Pyrolysis and similar traditional processes all involve pre-combustion processes and combustion during the execution of the process. As such, they all include the products of combustion that must be cleaned or managed. The processes themselves are termed “oxygen deprived,” but that is only because the oxygen is actually used up in a combustion activity that is a part of the actual process, directly or indirectly.

Thermal energy is transferred to the feedstock in those traditional processes chiefly through convection and conduction. A very small percentage of the thermal energy is transferred through radiation because the processes usually involve combustion above or below the feed material, which is typically being heated by convective flow from the combustion. This means the “smoke” from the fire is used to heat the feed material to the point where light gases are driven out and “char” is broken down (to an extent).

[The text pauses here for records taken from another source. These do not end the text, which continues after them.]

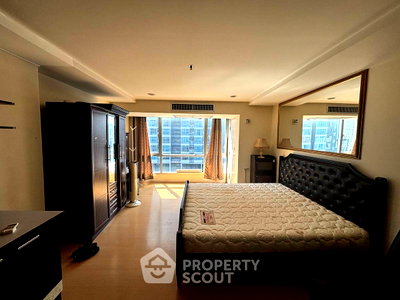 Condos for sale : 200m From BTS Nana | 1-BR The Trendy Condominium (ID 1838738)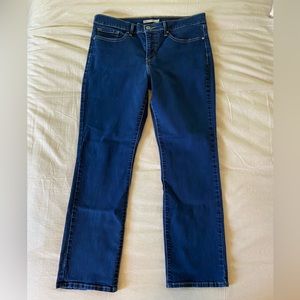 Levi Shaping Straight Jeans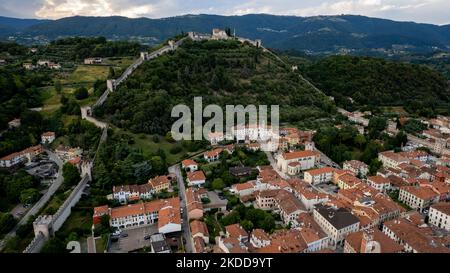 Une vue de drone de Marostica, Italie, sur 6 juillet 2022. Il est surtout célèbre pour ses échecs en direct et pour la variété de cerises locales. (Photo de Manuel Romano/NurPhoto) Banque D'Images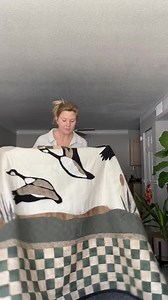 Wild Goose Chase Quilt - Etsy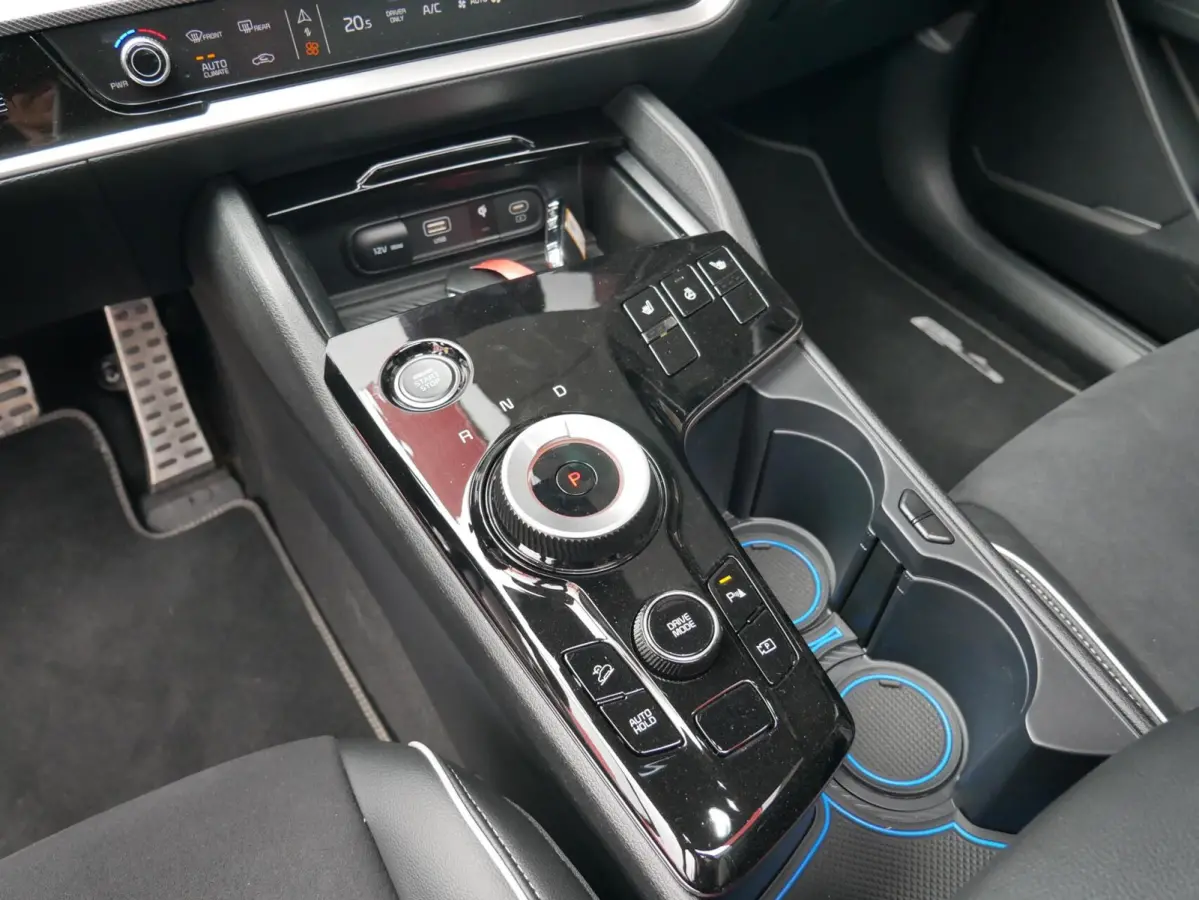1.6 T-GDi Hybrid GT-Line HEV| Pano| ACC| Camera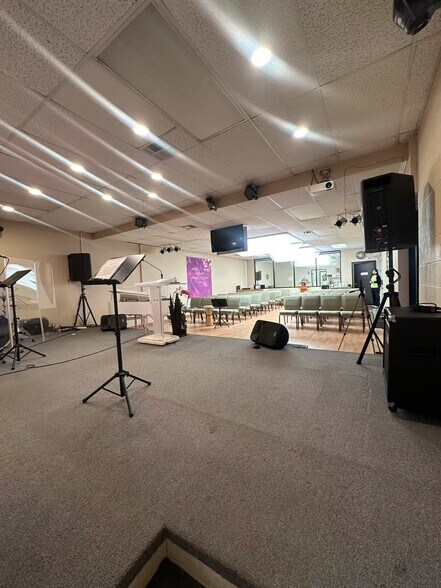 More Photos Of 1716 Brea Canyon Cut Off Rd, Walnut General Retail For Sale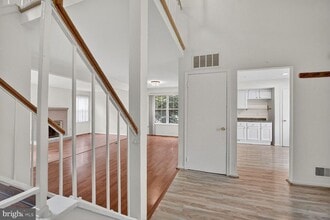 14345 Jacob Ln in Centreville, VA - Building Photo - Building Photo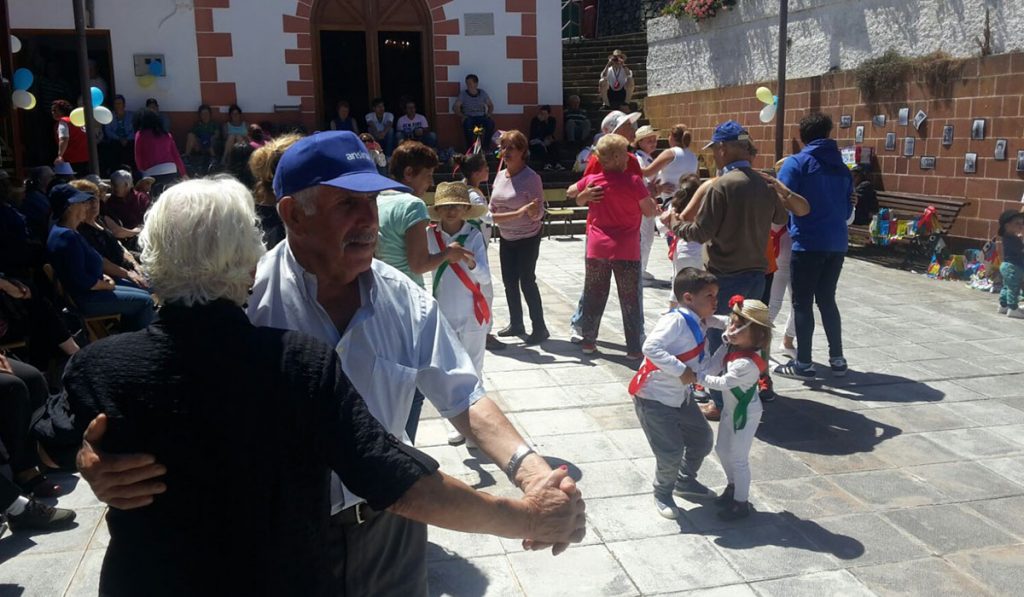 Padres, mayores y menores en la plaza de San Roque, en Anaga, donde tuvo lugar el encuentro intergeneracional. DA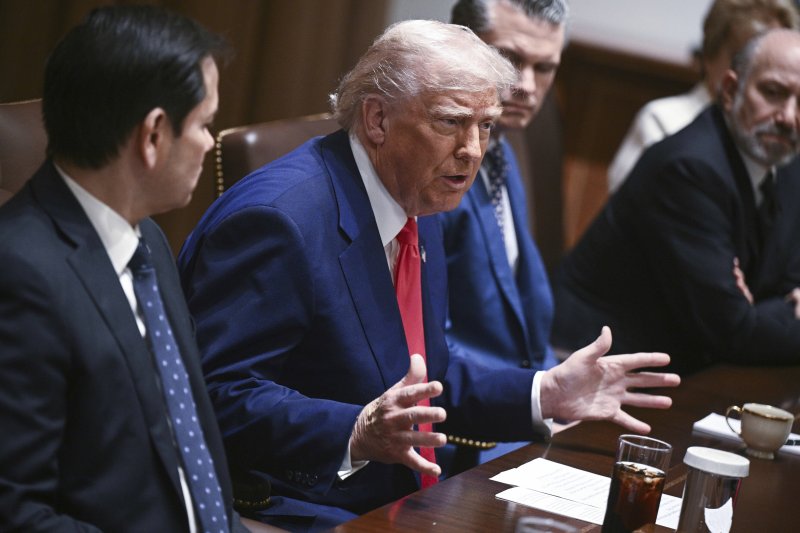 도널드 트럼프 미국 대통령이 지난 10일(현지시간) 미 워싱턴DC 백악관에서 각료회의를 열고 발언하는 모습.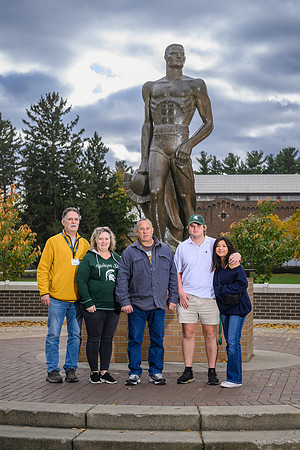 24MSU-SLE-Family-176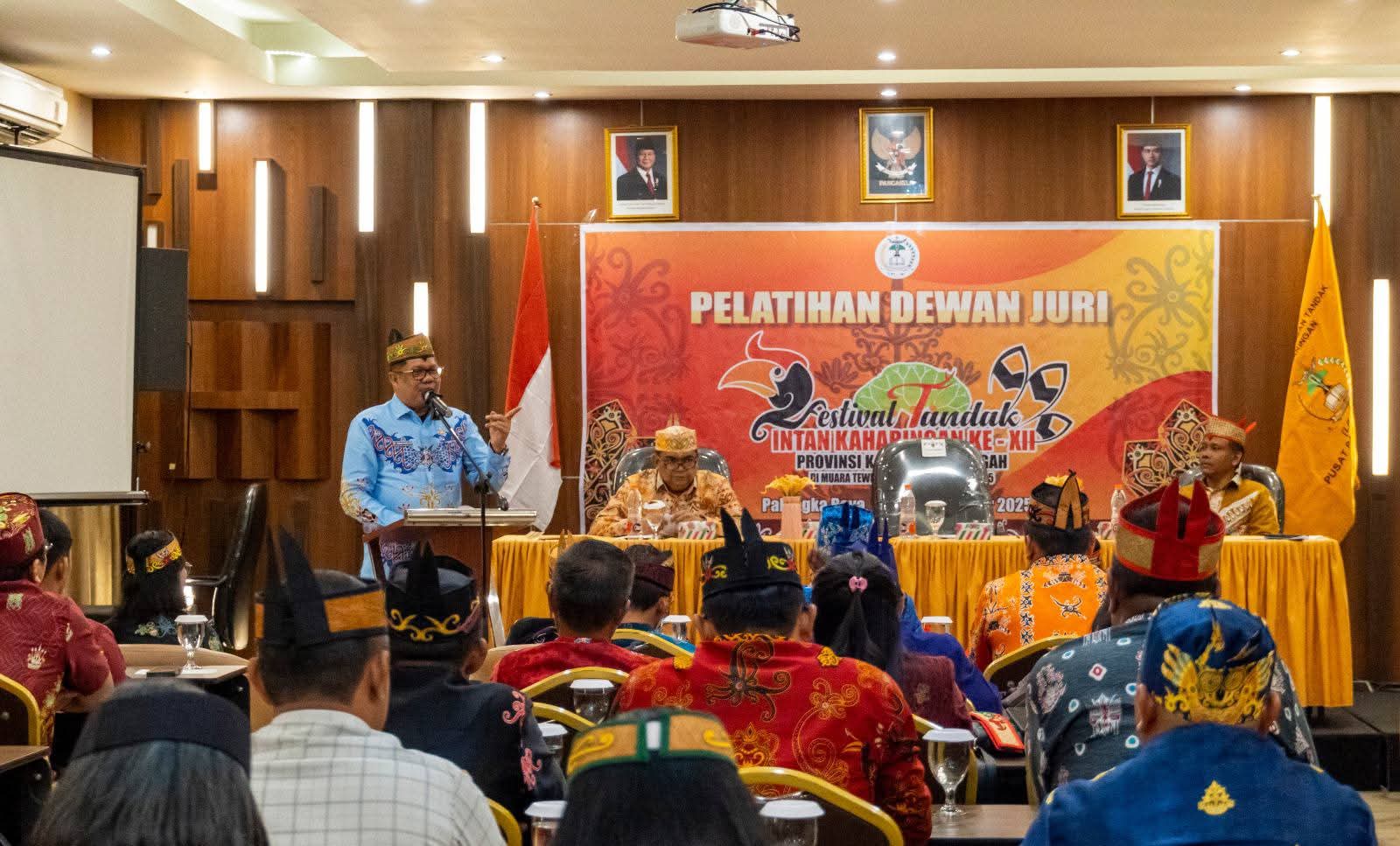 Sahli Darliansyah Buka Pelatihan Juri FTIK XII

In traditional systems, the gases formed are usually driven across metal catalysts that are heated by the process, typically to about 200° C. (˜400° F.). The hot catalysts seed chemical reactions that convert the molecular structures to “richer” gas forms (usually simpler molecular structures) more desirable for their energy content. Unfortunately, these metal catalysts quit working at about the temperatures where more efficient molecular “cracking” starts to happen, about 400° C. (˜750° F.).

By their physical and mechanical nature, these traditional processes are more “batch” than continuous. And they produce undesirable products as part of their fuel production and in the waste materials left behind. In the principal method disclosed in this patent, feedstock moves through a novel radiant energy process on a continuous basis. Systems analysis shows the method has application from small systems, transforming approximately 5 pounds of hydrocarbons per minute, to larger system transforming nearly 300 pounds of hydrocarbon feedstock per minute. Total capacity exceeding this rate can be achieved using multiple installations.

The method presented here is not a typical batch process as employed in current state of the practice; instead it is a serialized, continuous flow transformation that uses escalating temperatures to optimally refine raw waste by separating and appropriately transforming various component materials of the waste stream to beneficial products. The system described here is the second stage of system comprising three serial processes that each extracts partial products from the waste stream and transforms the waste stream to optimally prepare it for the next process step.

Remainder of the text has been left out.